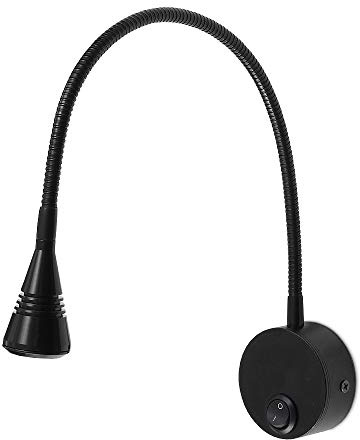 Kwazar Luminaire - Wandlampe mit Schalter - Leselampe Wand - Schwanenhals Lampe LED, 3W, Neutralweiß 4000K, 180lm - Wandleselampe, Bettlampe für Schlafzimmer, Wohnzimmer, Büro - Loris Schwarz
• • • • • • •
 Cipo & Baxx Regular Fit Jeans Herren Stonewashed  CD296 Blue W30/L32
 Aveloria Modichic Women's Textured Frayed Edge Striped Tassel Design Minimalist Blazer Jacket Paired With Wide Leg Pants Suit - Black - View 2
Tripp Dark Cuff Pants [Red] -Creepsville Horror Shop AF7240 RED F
• • • • • • •
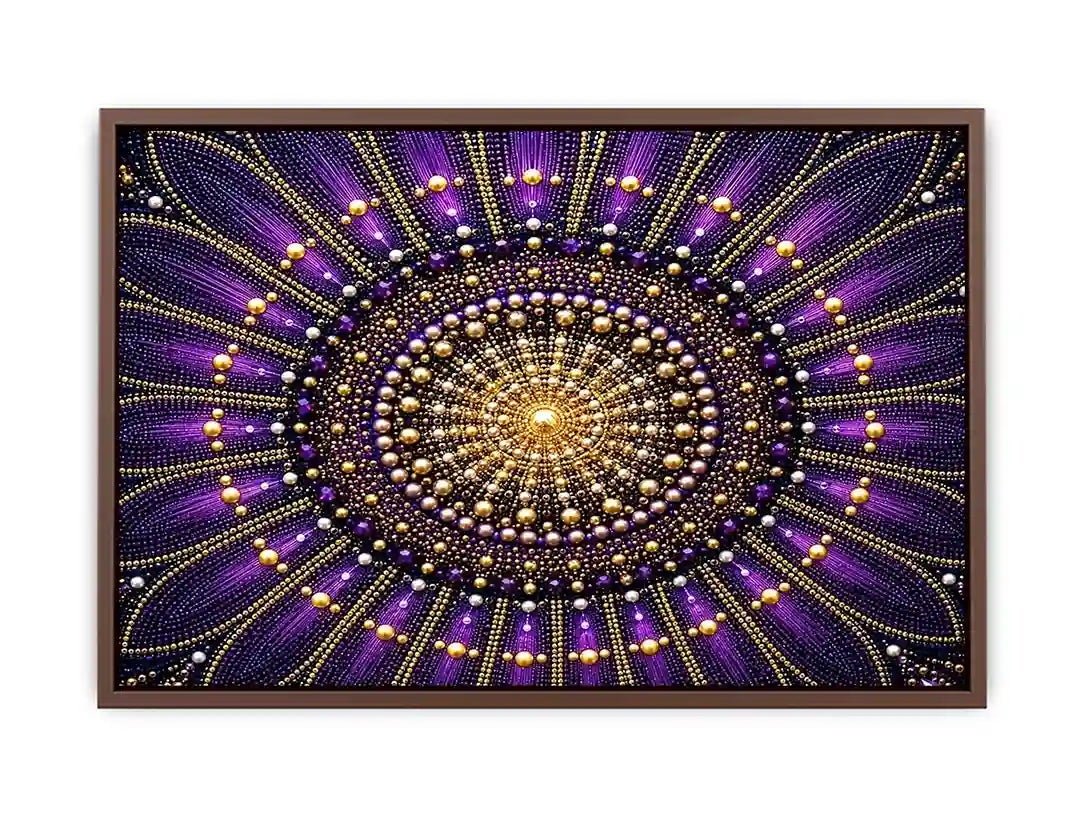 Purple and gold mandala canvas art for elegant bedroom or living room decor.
• • • • • • •
_Instructions to follow:_ In the listing above, find each line where "Pants" occurs and copy it.

_Written response:_
 Aveloria Modichic Women's Textured Frayed Edge Striped Tassel Design Minimalist Blazer Jacket Paired With Wide Leg Pants Suit - Black - View 2
Tripp Dark Cuff Pants [Red] -Creepsville Horror Shop AF7240 RED F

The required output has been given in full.